■ Exercise materials
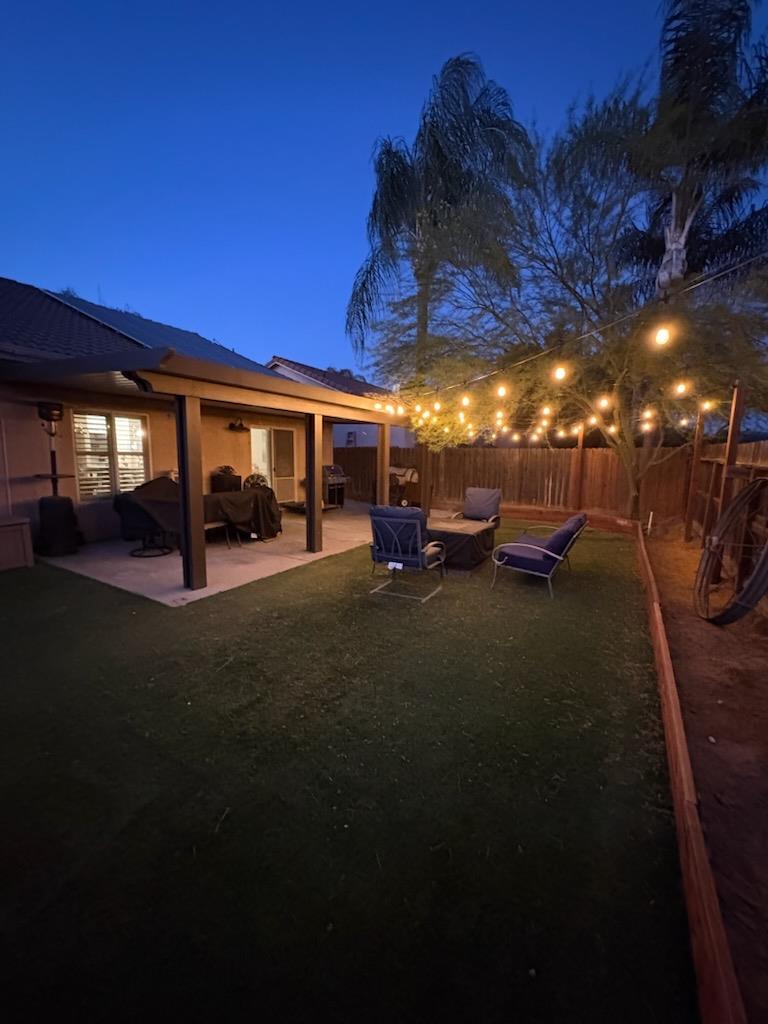 2783 14Th St, Sanger, CA 93657
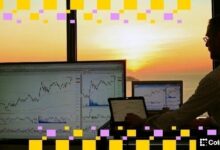 إدارة الأصول على السلسلة تشهد ازدهارًا: إليك أبرز مجالات الاستثمار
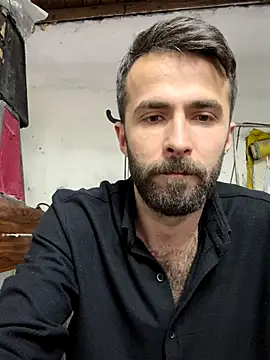 S-kt-et online show from 11/18/25, 12:30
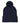 ATC™ EVERYDAY POM POM CUFF TOQUE - Oddball Workshop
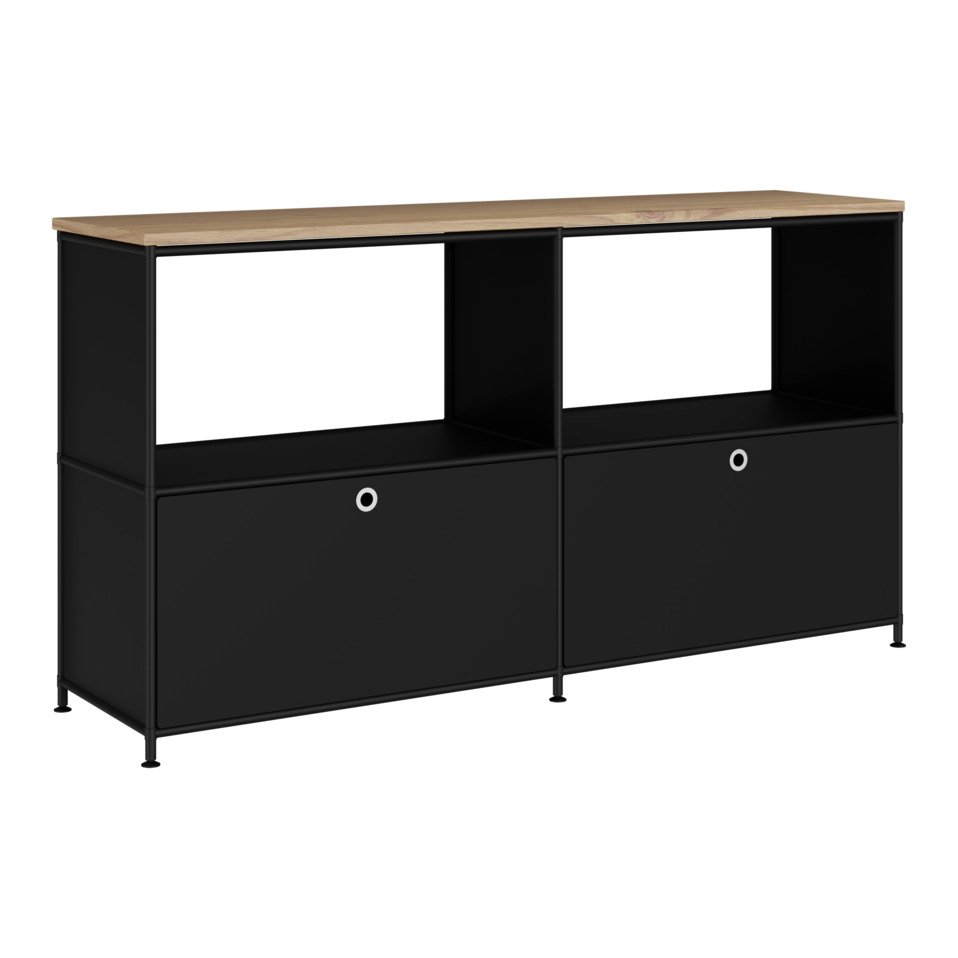 sideboard QUADRO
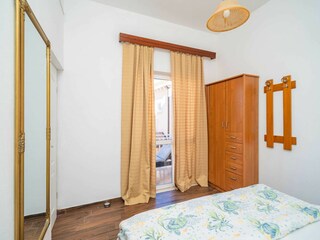 Appartement Cavtat Kenmerken 2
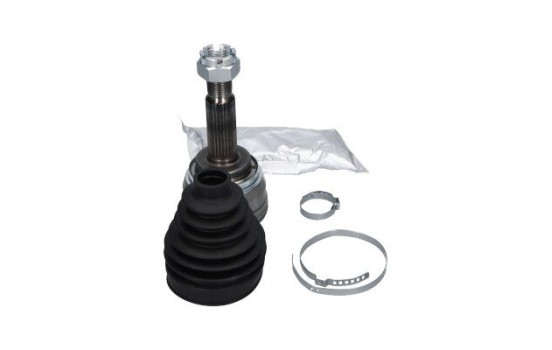 Jeu de joints, arbre de transmission CV-3001 Kavo parts, Image 5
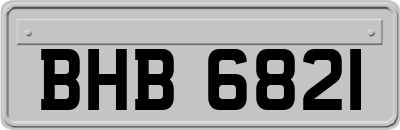 BHB6821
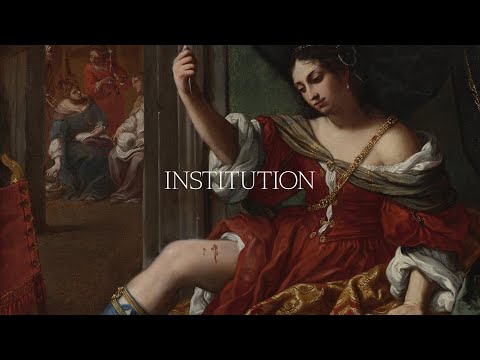 BLOND:ISH feat. Francis Mercier and Amadou & Mariam - Sete (Original Mix)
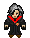 Monitor — Warspear Online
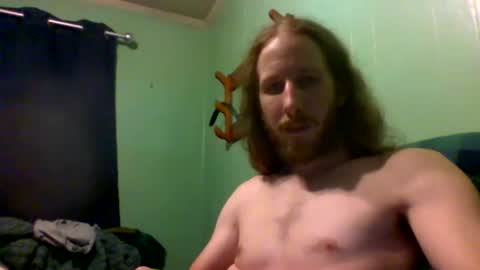 darknessdragon6 online show from 05.19.26
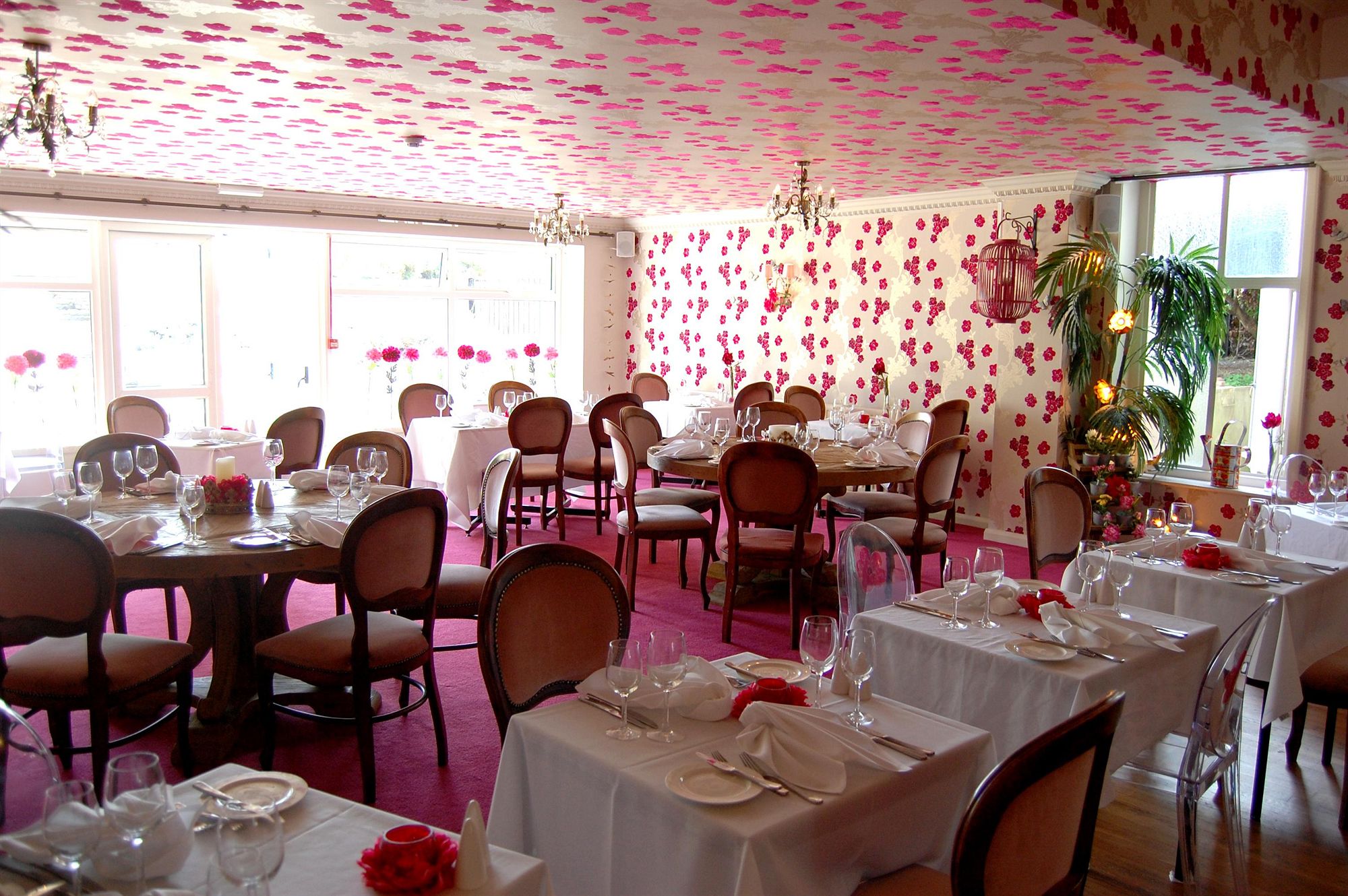 Фото Cottonwood Boutique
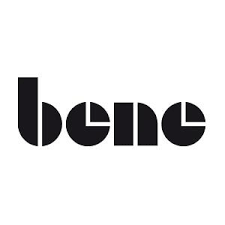 BENE
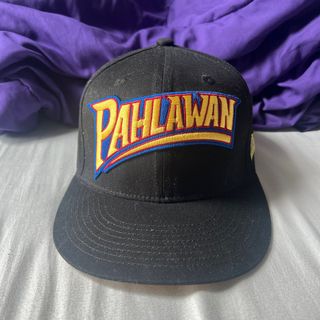 (Category: ) located in . Submitted by lc.mancave (Listing ID 1361862914, Image 1). Description: .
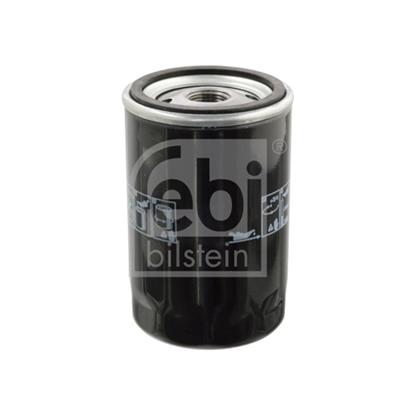 Febi Engine Oil Filter 32506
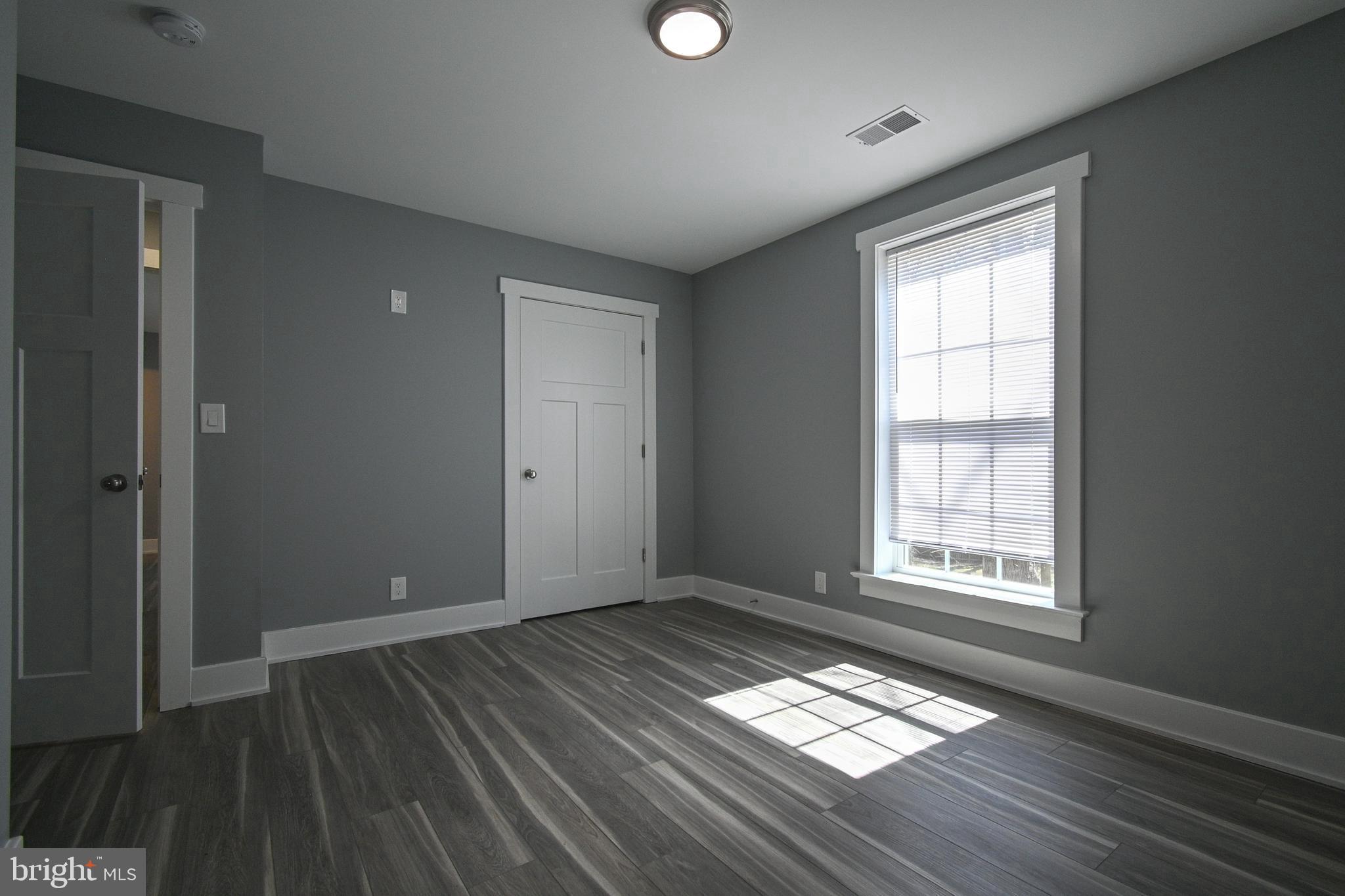 CITY OF MARTINSBURG - Residential Lease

■ Activity
What is needed is an exact transcription of every entry, minus the pictures.

■ Output below
 2783 14Th St, Sanger, CA 93657
 إدارة الأصول على السلسلة تشهد ازدهارًا: إليك أبرز مجالات الاستثمار
 S-kt-et online show from 11/18/25, 12:30
 ATC™ EVERYDAY POM POM CUFF TOQUE - Oddball Workshop
 sideboard QUADRO
 Appartement Cavtat Kenmerken 2
 Jeu de joints, arbre de transmission CV-3001 Kavo parts, Image 5
 BHB6821
 BLOND:ISH feat. Francis Mercier and Amadou & Mariam - Sete (Original Mix)
 Monitor — Warspear Online
 darknessdragon6 online show from 05.19.26
 Фото Cottonwood Boutique
 BENE
 (Category: ) located in . Submitted by lc.mancave (Listing ID 1361862914, Image 1). Description: .
 Febi Engine Oil Filter 32506
 CITY OF MARTINSBURG - Residential Lease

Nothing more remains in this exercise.